[PROBLEM TO WORK ON]
Below are records that hold pictures; write out only the lines from their start through the line with "2010 Cadillac Escalade", exactly, and drop the pictures.

(AVAILABLE RECORDS begins)

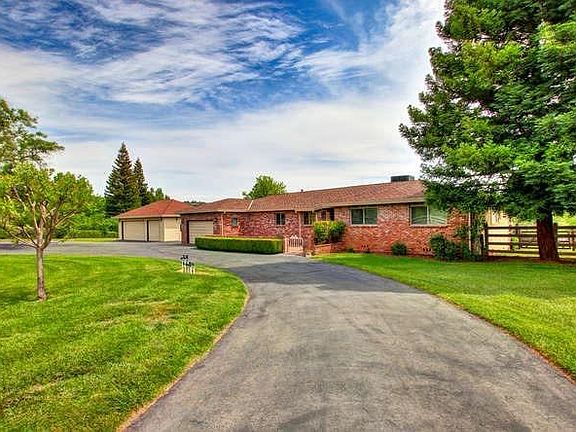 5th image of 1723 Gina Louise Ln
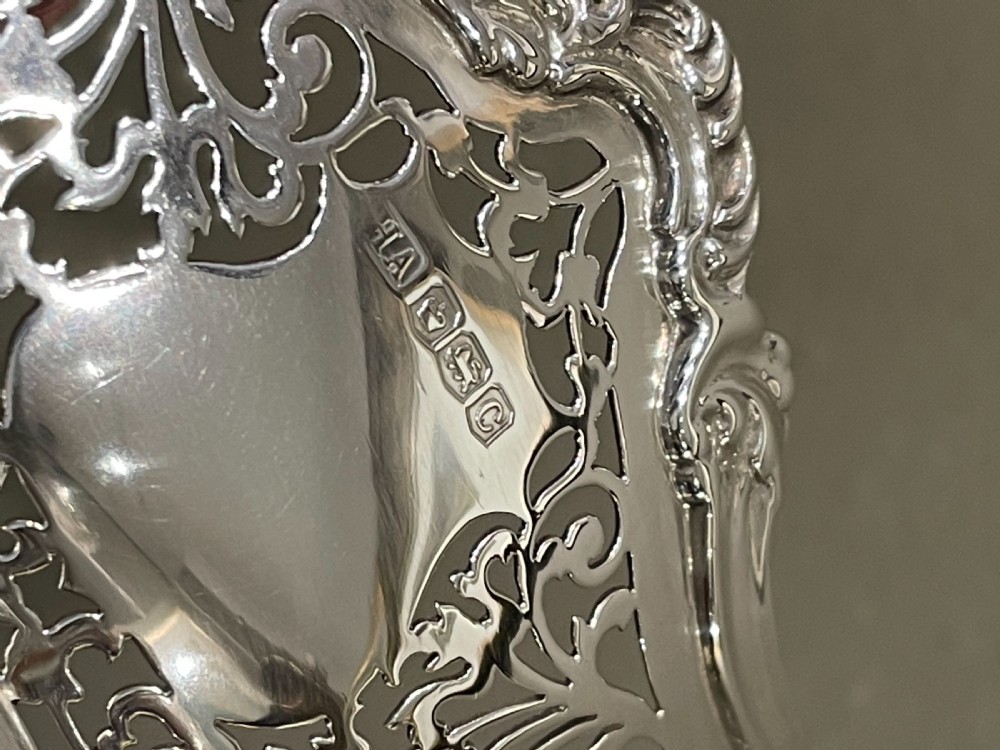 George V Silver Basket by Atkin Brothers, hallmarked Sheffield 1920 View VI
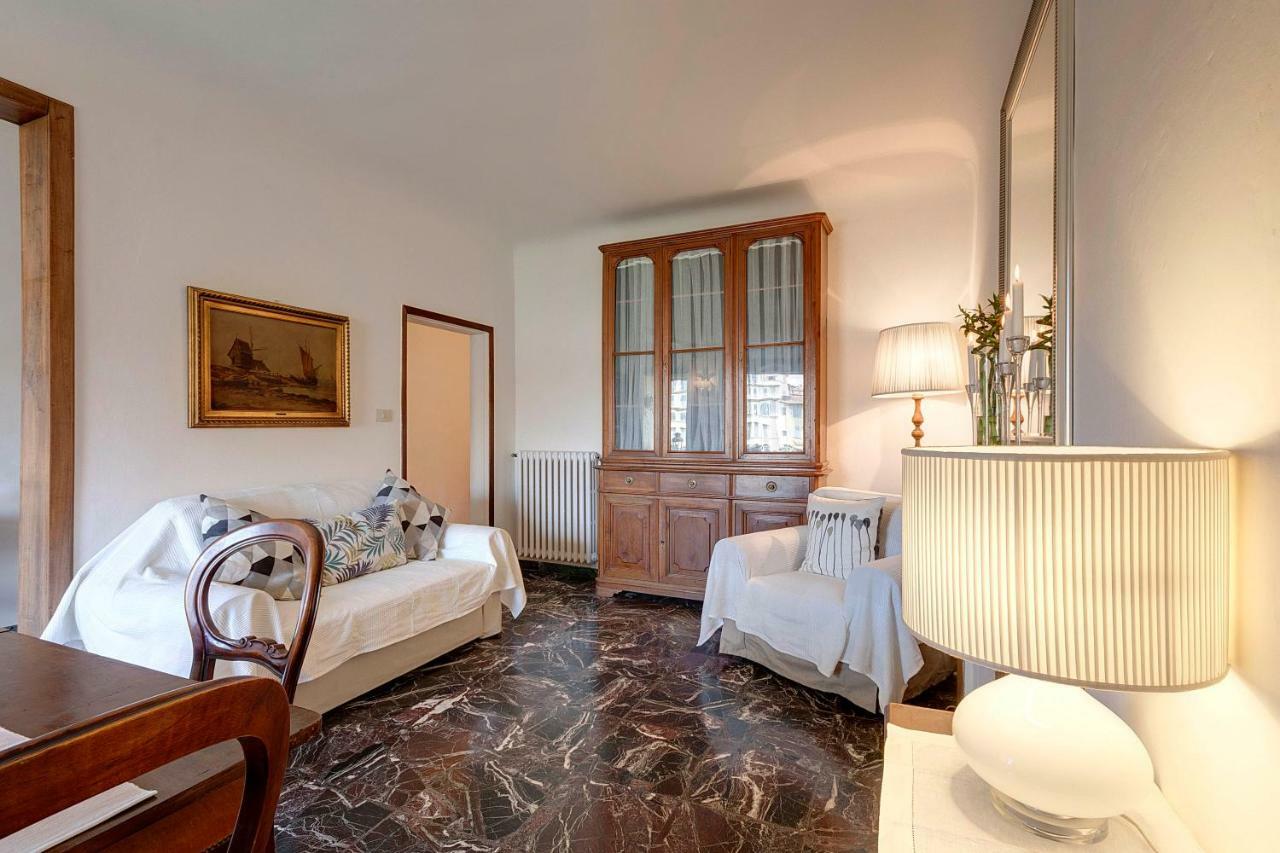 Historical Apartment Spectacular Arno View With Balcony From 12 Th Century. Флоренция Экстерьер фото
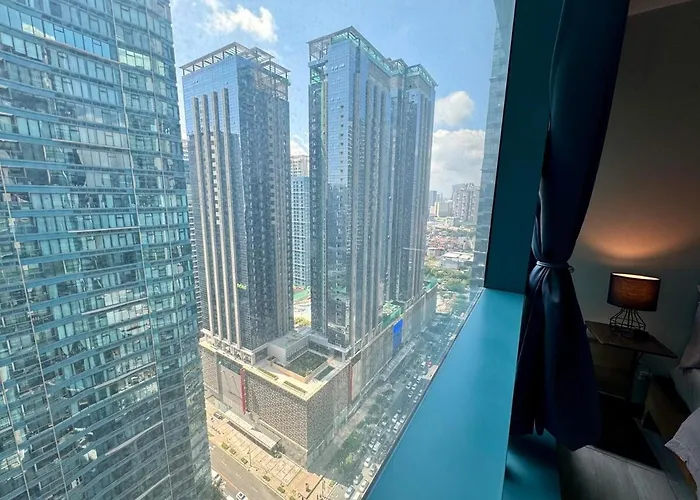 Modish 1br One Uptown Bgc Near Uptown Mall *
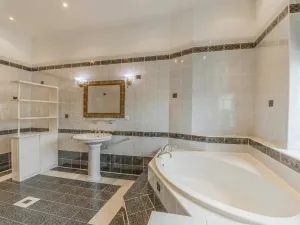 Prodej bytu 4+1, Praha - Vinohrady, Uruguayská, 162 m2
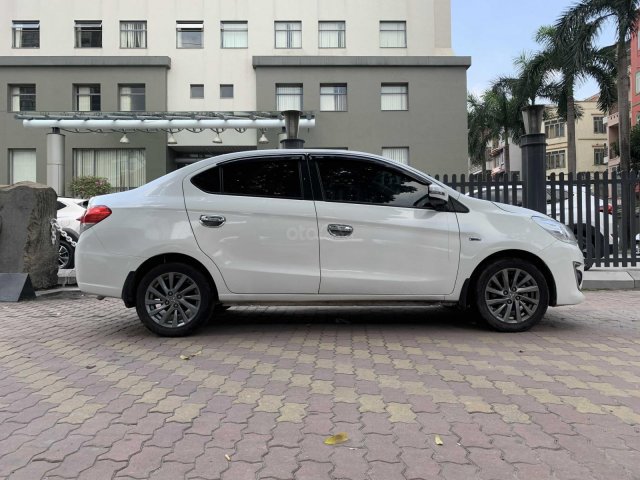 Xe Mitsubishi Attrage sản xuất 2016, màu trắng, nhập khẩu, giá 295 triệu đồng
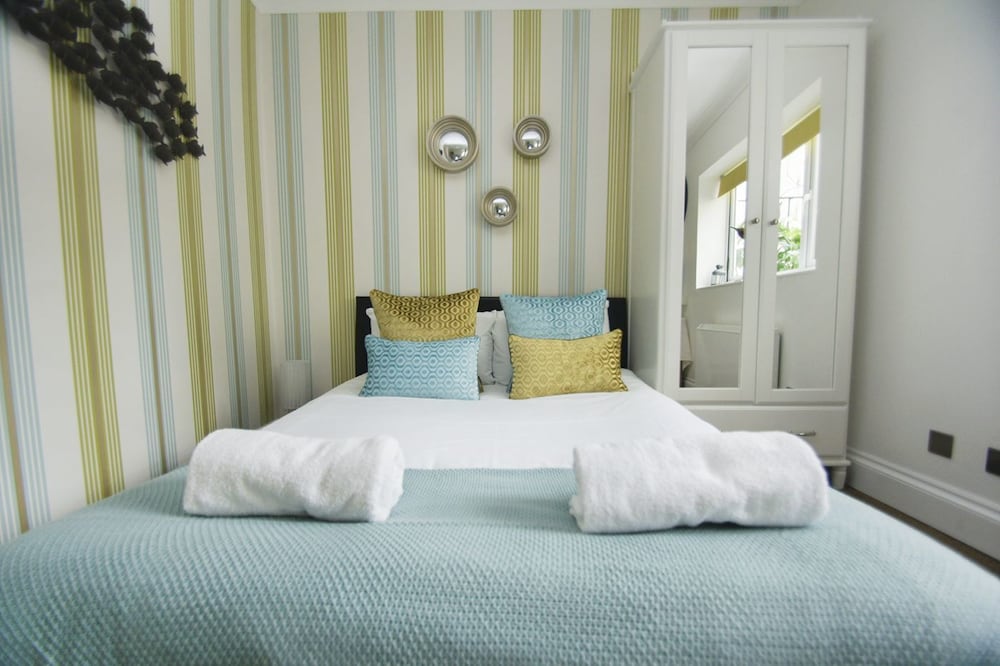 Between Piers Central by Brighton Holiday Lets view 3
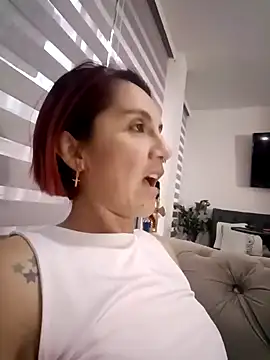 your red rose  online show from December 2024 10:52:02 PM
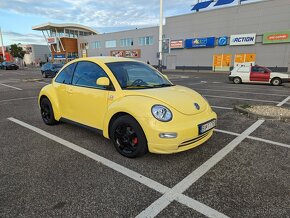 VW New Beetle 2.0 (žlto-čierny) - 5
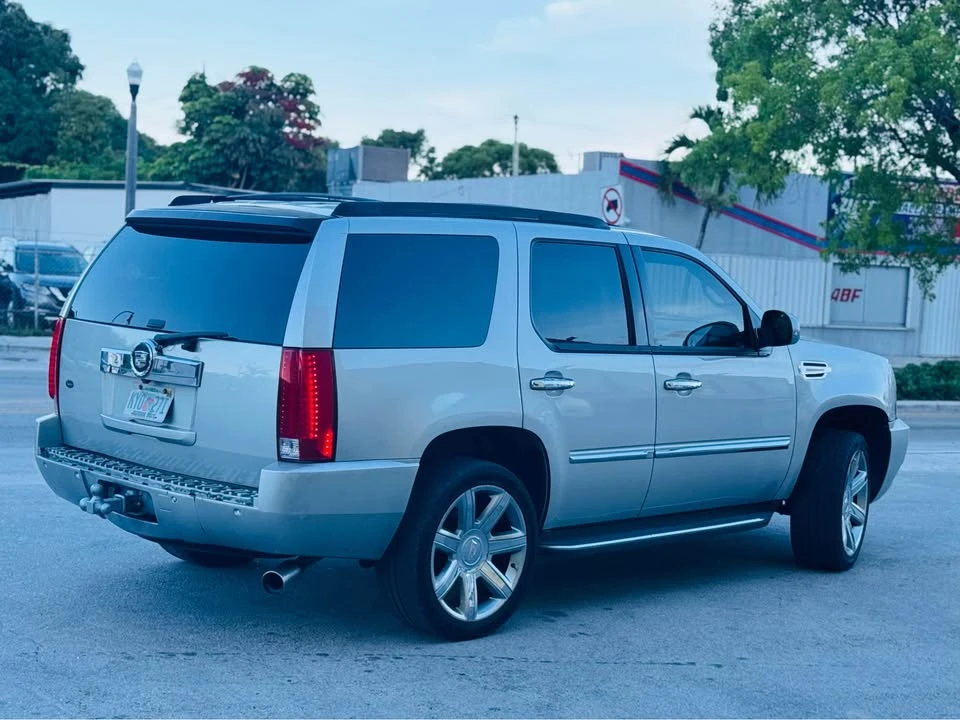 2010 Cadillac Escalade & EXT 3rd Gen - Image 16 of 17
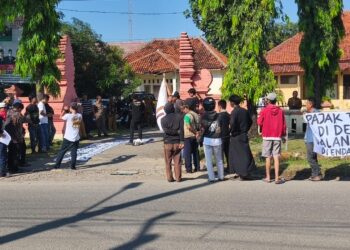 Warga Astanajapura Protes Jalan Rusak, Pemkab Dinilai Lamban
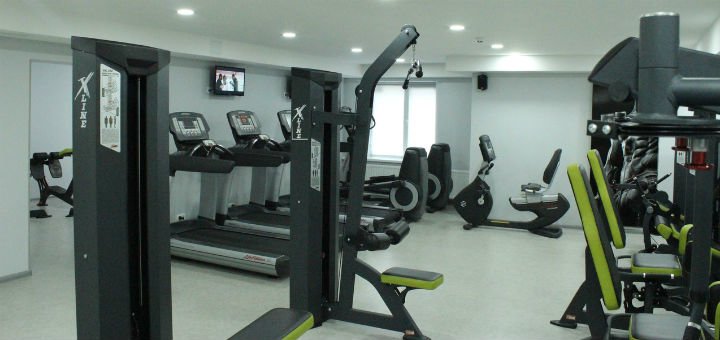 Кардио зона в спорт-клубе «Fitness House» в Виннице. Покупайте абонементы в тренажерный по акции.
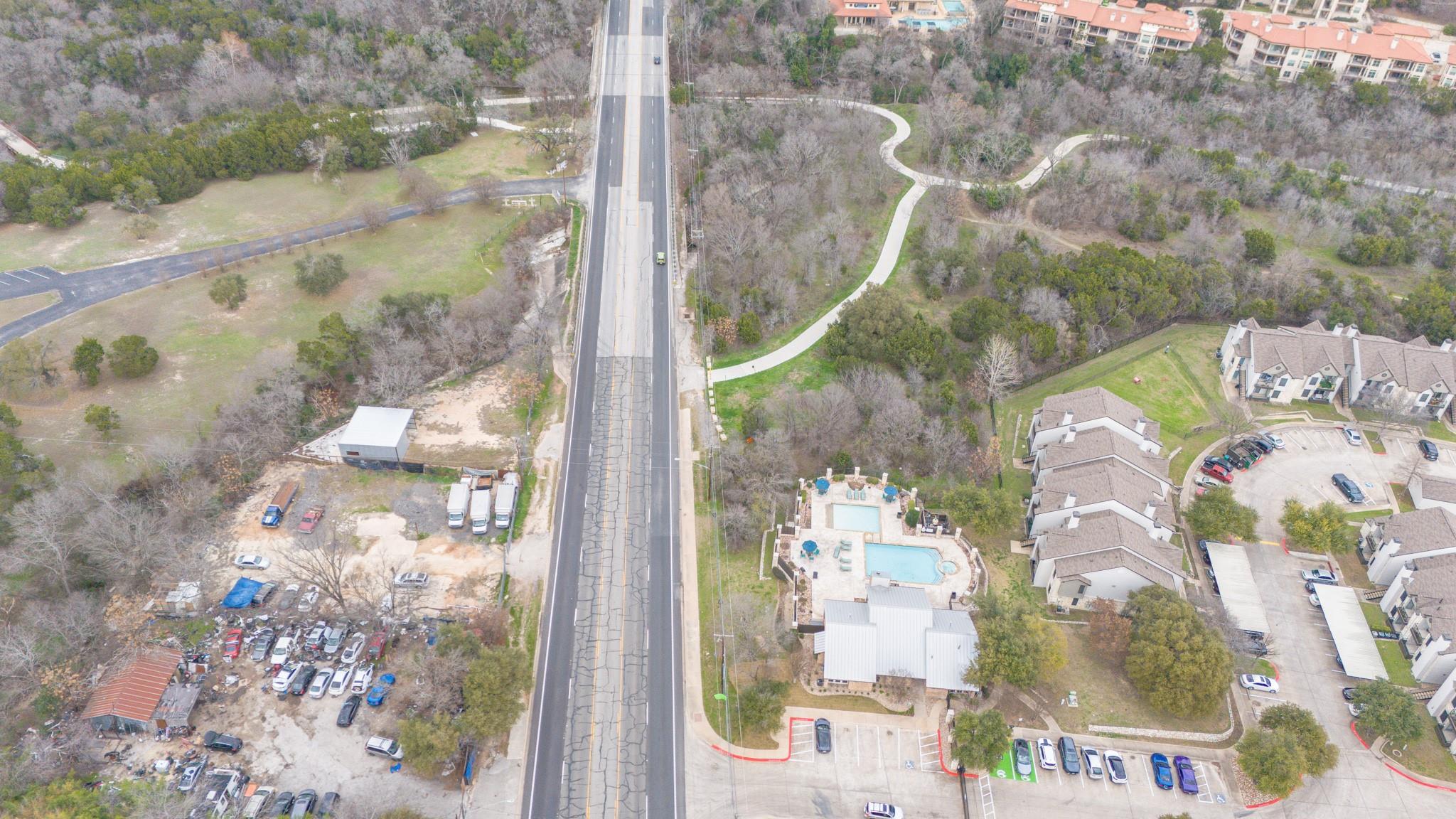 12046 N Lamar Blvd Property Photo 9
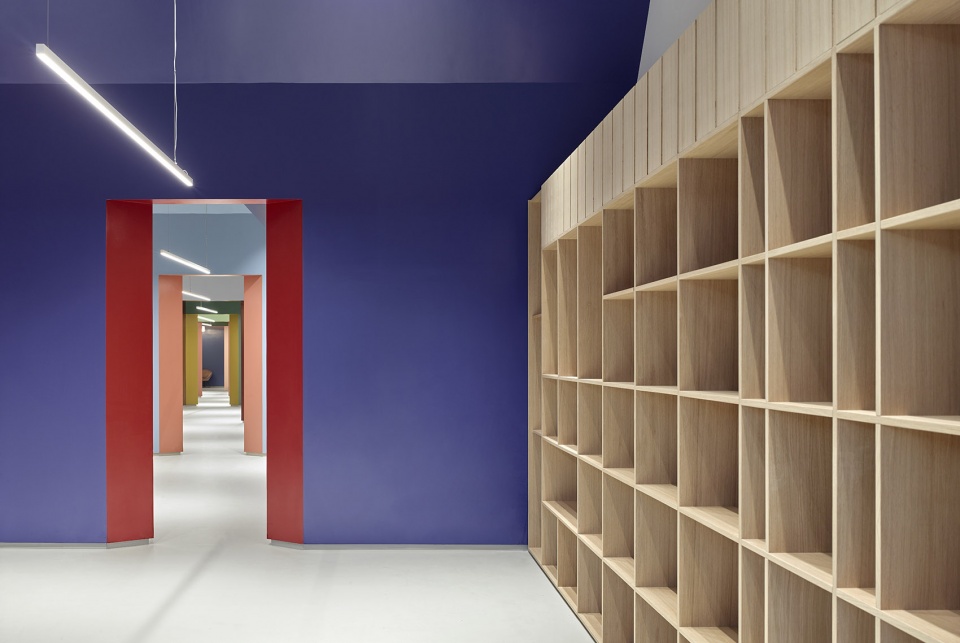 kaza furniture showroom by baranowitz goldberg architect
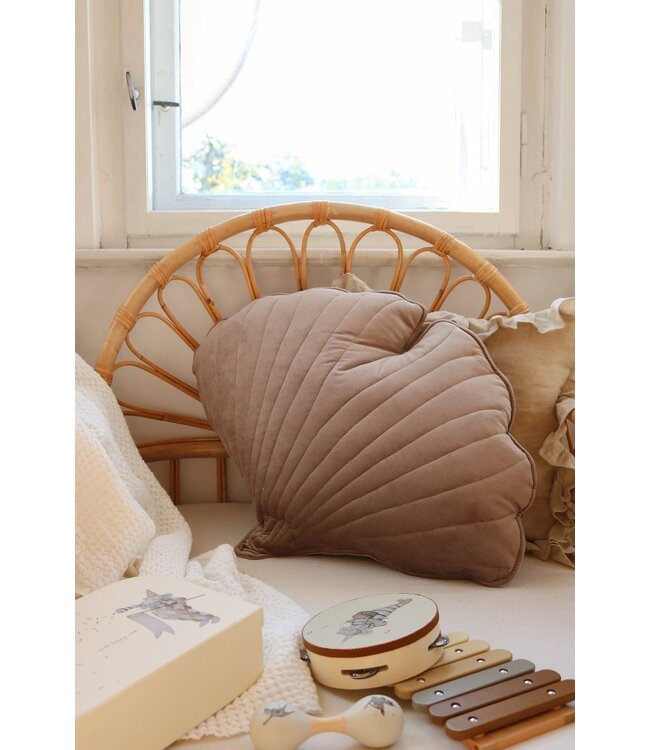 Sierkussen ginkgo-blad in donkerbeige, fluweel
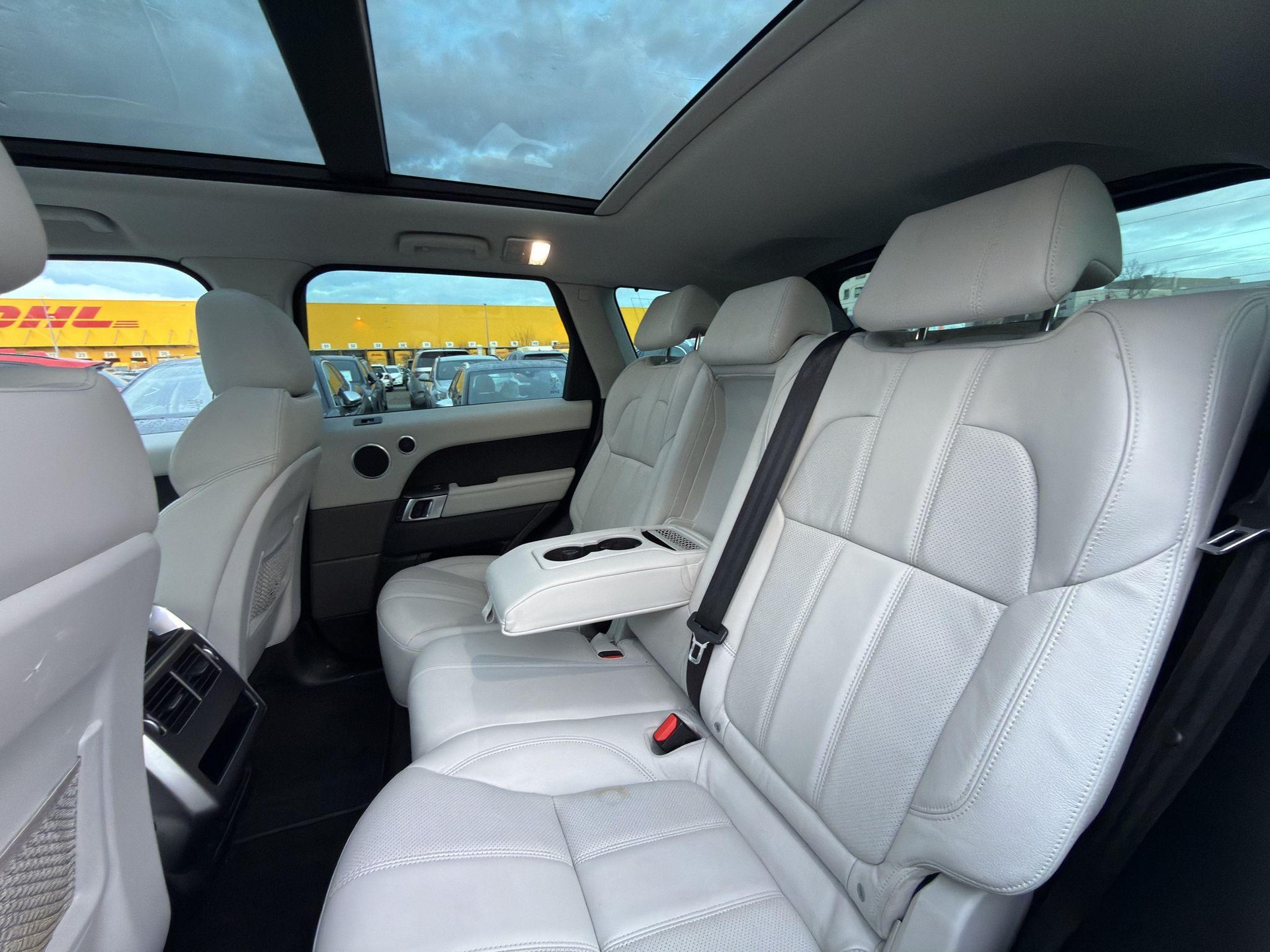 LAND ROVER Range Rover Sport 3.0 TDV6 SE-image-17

(AVAILABLE RECORDS ends)

[TASK SOLUTION]
 5th image of 1723 Gina Louise Ln
 George V Silver Basket by Atkin Brothers, hallmarked Sheffield 1920 View VI
 Historical Apartment Spectacular Arno View With Balcony From 12 Th Century. Флоренция Экстерьер фото
 Modish 1br One Uptown Bgc Near Uptown Mall *
 Prodej bytu 4+1, Praha - Vinohrady, Uruguayská, 162 m2
 Xe Mitsubishi Attrage sản xuất 2016, màu trắng, nhập khẩu, giá 295 triệu đồng
 Between Piers Central by Brighton Holiday Lets view 3
 your red rose  online show from December 2024 10:52:02 PM
 VW New Beetle 2.0 (žlto-čierny) - 5
 2010 Cadillac Escalade & EXT 3rd Gen - Image 16 of 17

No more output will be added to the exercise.